### Task directions
Below this line are records; write out exactly the lines from the one containing "We have just" through the one containing "What's really cool", with the pictures left out.

(Material for the task)

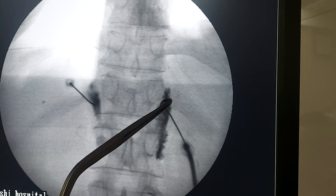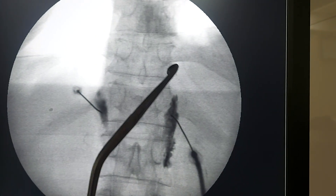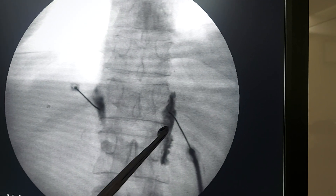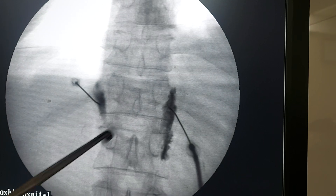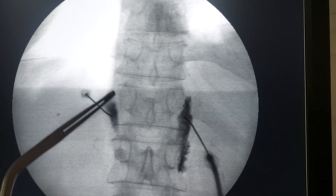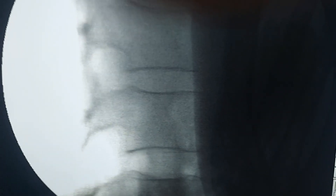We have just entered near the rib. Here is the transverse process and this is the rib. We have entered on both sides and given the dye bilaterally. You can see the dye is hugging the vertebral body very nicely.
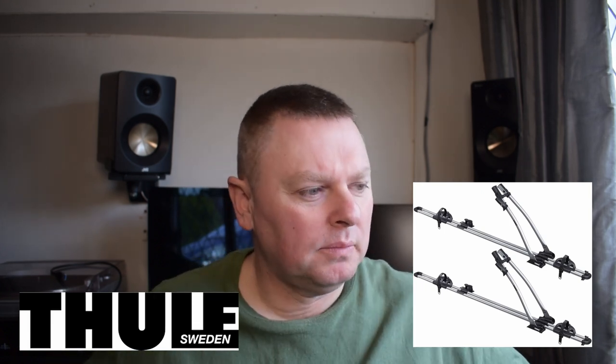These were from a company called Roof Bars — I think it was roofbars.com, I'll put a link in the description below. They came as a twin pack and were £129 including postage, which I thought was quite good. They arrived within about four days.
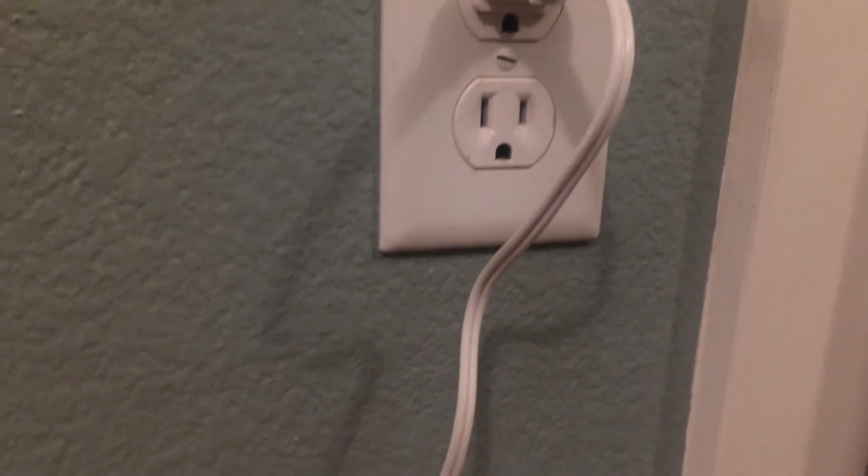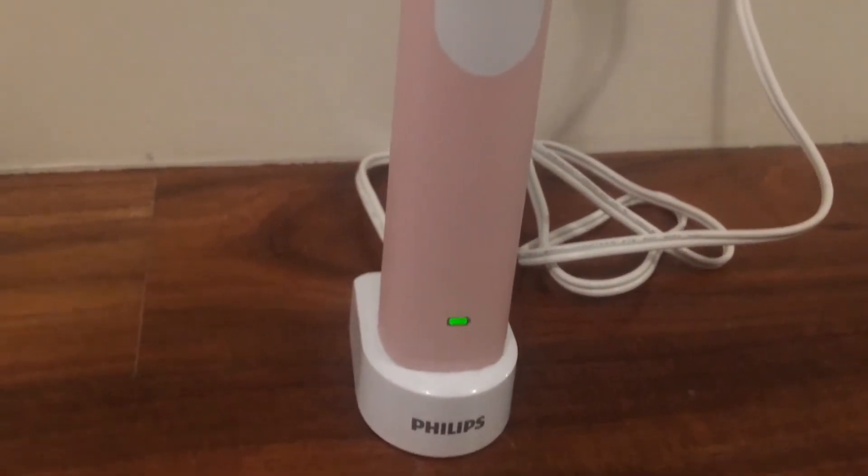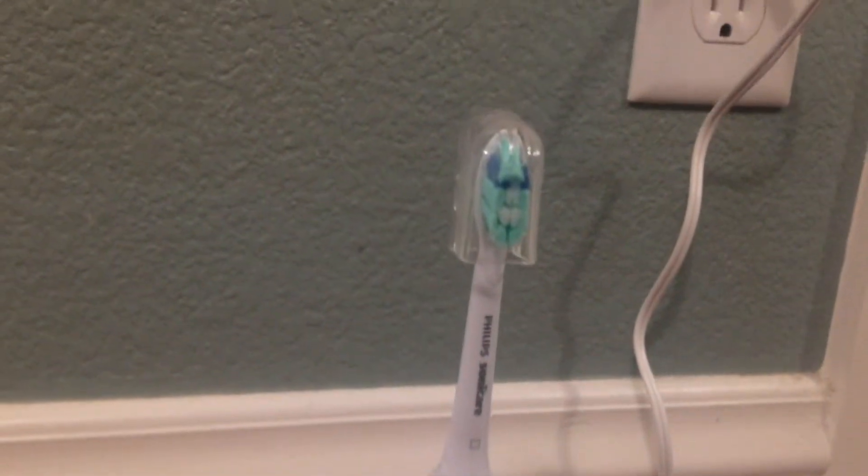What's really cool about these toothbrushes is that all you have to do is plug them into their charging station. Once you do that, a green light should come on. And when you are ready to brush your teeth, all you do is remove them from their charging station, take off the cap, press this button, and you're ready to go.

(End Material for the task)
(Material for the task)

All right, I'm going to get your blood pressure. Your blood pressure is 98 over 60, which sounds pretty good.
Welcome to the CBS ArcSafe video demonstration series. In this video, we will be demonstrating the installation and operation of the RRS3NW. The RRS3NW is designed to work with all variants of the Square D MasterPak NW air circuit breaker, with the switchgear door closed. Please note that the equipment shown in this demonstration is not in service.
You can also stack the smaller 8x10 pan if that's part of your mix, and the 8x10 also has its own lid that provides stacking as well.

(End Material for the task)

### Answer to the problem
We have just entered near the rib. Here is the transverse process and this is the rib. We have entered on both sides and given the dye bilaterally. You can see the dye is hugging the vertebral body very nicely.
These were from a company called Roof Bars — I think it was roofbars.com, I'll put a link in the description below. They came as a twin pack and were £129 including postage, which I thought was quite good. They arrived within about four days.
What's really cool about these toothbrushes is that all you have to do is plug them into their charging station. Once you do that, a green light should come on. And when you are ready to brush your teeth, all you do is remove them from their charging station, take off the cap, press this button, and you're ready to go.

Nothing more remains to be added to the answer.